Notre coureur ne s’en porte pas plus mal. Au contraire. Ces revers lui ont permis de redoubler d’ardeur, de travailler davantage sur ses faiblesses et de corriger ses erreurs en vue des prochaines épreuves. Aussi, il a tissé un réseau d’échanges avec une dizaine de coureurs européens.

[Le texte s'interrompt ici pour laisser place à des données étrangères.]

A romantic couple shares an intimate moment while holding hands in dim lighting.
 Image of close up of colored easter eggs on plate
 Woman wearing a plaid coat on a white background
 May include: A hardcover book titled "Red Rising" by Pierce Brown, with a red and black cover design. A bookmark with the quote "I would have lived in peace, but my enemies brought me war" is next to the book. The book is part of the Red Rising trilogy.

La véritable motivation de Guy Gilbert, ce ne sont ni les honneurs, ni les records. Ce sont plutôt les retombées que génèrent ses exploits autour de lui. Tout d’abord, chez lui. Ses deux enfants Julie-Anne, 15 ans, et Gabriel, 19 ans, sont des sportifs accomplis. « Le vrai portait de leur père », dit Marlène Bergeron, sa conjointe.Ses prouesses font également bouger au bureau. Déjà reconnu comme un passionné de la promotion de l’activité physique, il est devenu le coach ! Depuis un an, une douzaine d’employés, pour la plupart des femmes – il faut bien des avantages –, l’accompagnent lors de ses entraînements du midi. Deux d’entre elles se sont inscrites à l’épreuve du 10 km du Marathon des Deux Rives, en août dernier. « C’est renversant de voir un homme nourrir une si grande passion pour tout ce qu’il accomplit, tant sur le plan professionnel que sur le plan sportif. À tel point qu’il est difficile de déterminer s’il travaille ou s’il s’amuse. D’ailleurs, on a l’impression que lui-même ne fait plus la différence », dit Louisa Maria Manceau, une collègue qui lui « court après » à l’heure du lunch.
Guy Gilbert reconnaît que ses entraînements lui fournissent des moments d’inspiration pour élaborer ses campagnes de promotion. En ce moment, la mobilité durable monopolise toutes ses pensées. Le kinésiologue souhaite redonner aux jeunes le goût de marcher, de prendre leur vélo pour se rendre à l’école. Sujet qu’il présentera sous forme de conférence lors des prochaines journées annuelles de la santé publique, à Québec, à la fin de novembre.
Déjà très actif, le coureur voudrait néanmoins en faire plus. Un poste politique, un rôle stratégique plus important, lui permettraient, à son avis, d’instaurer davantage de mesures pour favoriser la pratique de l’activité physique chez ses concitoyens. L’an dernier, il s’est présenté au conseil municipal de Lac Beauport. Il n’a pas remporté le siège qu’il briguait, mais parions que Guy Gilbert n’a pas dit son dernier mot.